In the recent past, total net returns for real estate have been elevated as a consequence of strong capital appreciation, which was reinforced by low interest rates and high demand. Further increases in interest rates appear imminent due to higher inflation. We do not expect to see similar levels of yield compression in the near future. Therefore, rental income will represent a greater proportion of total returns over the coming years. This promotes the case for a core real estate investment strategy emphasizing on income returns.

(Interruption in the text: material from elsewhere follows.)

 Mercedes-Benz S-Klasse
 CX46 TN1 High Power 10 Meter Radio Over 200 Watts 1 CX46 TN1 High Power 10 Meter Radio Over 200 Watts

Conservative Financing & ESG

Further interest rate rises are expected in the US and Europe. They will have a blanket impact on investment markets. Core real estate and investments with lower debt to equity ratios will be less susceptible to this effect, however. Moreover, funds with a focus on ESG can raise debt through green bonds at notably lower costs than for comparable standard bonds. We have a strong focus on core funds with low leverage levels and ESG-oriented approaches. Our ability to analyze the sustainability efforts of underlying funds has been enhanced since becoming a GRESB Investor Member. We continuously evaluate the long-term environmental targets of our underlying funds and host ongoing discussions with them to gauge their progress regarding net zero carbon targets. The risks of stranded assets, which will face leasing difficulties without extensive capex injections, will increase for owners that are not active in the sustainability space. The table below conveys our portfolio’s ESG targets and progress for the 2021 GRESB assessment.

Conclusion

Our outlook for the global real estate markets remains positive, supported by solid rental growth and attractive income returns. Central banks are forecasted to continue increasing their interest rates in small increments, in response to high inflation. We have witnessed substantial increases in developed nations’ 10-year government bond rates since the start of the year. However, further rises are expected to remain limited. Real estate yields, which are typically measured against these rates have not followed suit. We do not expect them to drastically move outwards as the asset class remains attractive due to its inflation hedging properties, amongst other factors. Moreover, in most developed nations, spreads between real estate yields and 10-year government bond rates nations are still sizeable. Employing a core strategy in the global real estate space will enable investors to best-navigate the coming circumstances due to inflation hedging through in-place contracts with fixed annual increases and inflation links, and defense against interest rate rises owing to low leverage levels. A focus on ESG is imperative. Lastly, due to an increased perception of risk and volatility, a well-balanced portfolio with minimal concentration risk regarding diversification offers security.